Mariam glared at her best friend Nadia as she swiped through profiles on Muzz—the Muslim dating app that promised halal connections and had delivered, thus far, nothing but disappointment.

"You need to get out there!" Nadia grabbed her phone. "Your iddah period ended six months ago. It's time to—oh. Oh."

"What?"

Nadia turned the phone around, grinning wickedly. "Look who's on here."

Mariam's chai nearly came out her nose. "Is that Hamza Ibrahim? The imam's son?"

"The very one." Nadia's eyes sparkled. "Swipe right."

"I can't—he's—his father leads Jummah at my masjid!"

"Even more reason." Nadia swiped before Mariam could stop her. "Oops."

"NADIA!"

The notification popped up immediately.

It's a match!


Hamza: Assalamu alaikum, Mariam. I have to admit, I never expected to see you here.

Mariam: Wa alaikum assalam. I could say the same about you. Isn't this a bit... unconventional for an imam's son?

Hamza: My father's the imam, not me. And I'm a 32-year-old unmarried man. Unconventional is relative.

Mariam: Fair point. So what brings you to the halal hookup app?

Hamza: Halal hookup. I like that. 😄 Honestly? I'm tired of my mother's rishta aunty connections. At least here I can choose for myself.
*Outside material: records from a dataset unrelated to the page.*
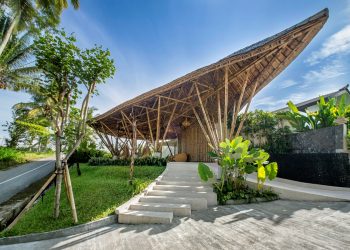 Bambu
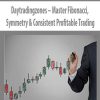 Daytradingzones – Master Fibonacci, Symmetry & Consistent Profitable Trading | Available Now !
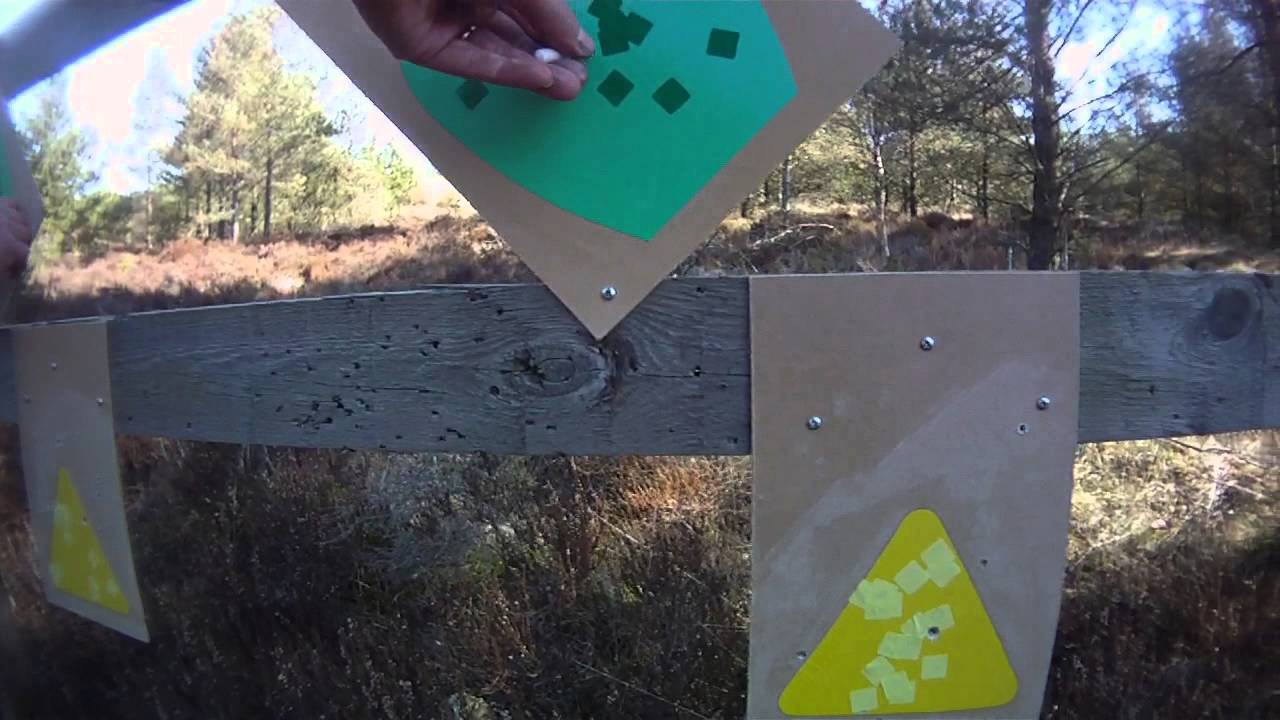 Pistolterræn cal 32 bane 8 skive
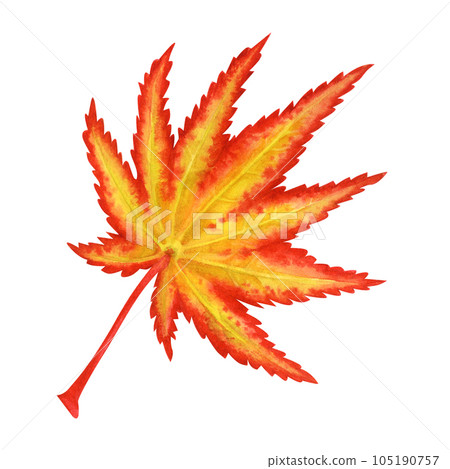 Watercolor illustration of autumn Japanese maple leaves for harvest, maple admiration, Halloween, birthday, red leaf hunting, momiji-gari. 105190757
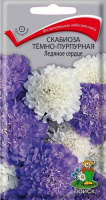 Скабиоза темно-пурпурная Ледяное сердце - купить с доставкой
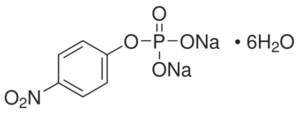 p-Nitrophenyl Phosphate Disodium Salt Hexahydrate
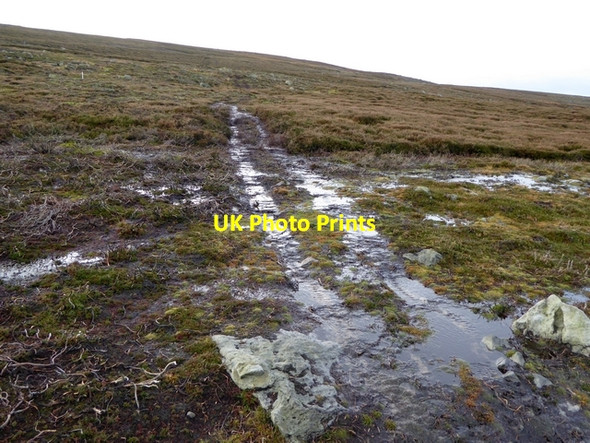 Photo 6"x4" Rough track on Harehope Head Edmondbyers c2014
Mariam: Same. Though my mother has informed me that as a divorcee, I should "lower my standards."

Hamza: Your standards seem perfectly reasonable from where I'm standing. Or sitting. I'm actually at the mosque right now.

Mariam: Flirting with women from the masjid? Your father would be scandalized.
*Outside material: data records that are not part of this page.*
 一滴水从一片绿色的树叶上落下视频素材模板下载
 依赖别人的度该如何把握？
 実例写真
Hamza: He's the one who told me to try the app. Even imams want grandchildren, apparently.


The messages continued for weeks. Then phone calls. Then...

"I want to see you," Hamza said one night, his voice husky through the phone. "Properly. Not through a screen."

Mariam's heart raced. "That's a bit beghairat, isn't it? Meeting alone?"

"We could bring a chaperone."

"Hamza."

"I'm joking." His laugh was warm. "There's a new restaurant in Rusholme. Public place. Very halal. Let me take you to dinner."

She should say no. She knew she should say no.

"Okay."


Dinner was... charged.

Hamza looked even better in person—tall, with kind eyes behind wire-rimmed glasses and a close-trimmed beard that made her fingers itch to touch it. He was funny and smart and looked at her like she was the only woman in the room.

"I should confess something," he said over their biryani.

"You're already married with four wives?"

He laughed. "No. I've had a crush on you for years. Since before your first marriage."

Mariam nearly choked. "What?"

"You used to sit in the women's section right where I could see you from the doorway." His ears turned red. "I'd find excuses to walk past. My father called me 'the restless one' during khutbahs."

"Why didn't you say anything?"

"You were married. And even before that, you were... you. So far out of my league."

"Hamza." She reached across the table, touching his hand. "I'm a divorced mother of two. I'm not out of anyone's league."

His fingers intertwined with hers. "You're out of everyone's league. And I'm very lucky you swiped right."

"Nadia swiped right."

"Then I owe her my shukriya." His thumb traced circles on her palm. "Mariam... I know this is fast. But I'm not interested in playing games. I want to get to know you. Properly. With intention."

"What kind of intention?"

His eyes held hers. "The kind that ends at a nikah. If you'll have me."


They tried to keep it halal. They really did.

But three months of proper courtship, family meetings, and chaperoned dates had built a tension that was becoming unbearable. When Hamza dropped her home one night and she invited him in for chai—"The kids are at their father's, it's fine"—they both knew what would happen.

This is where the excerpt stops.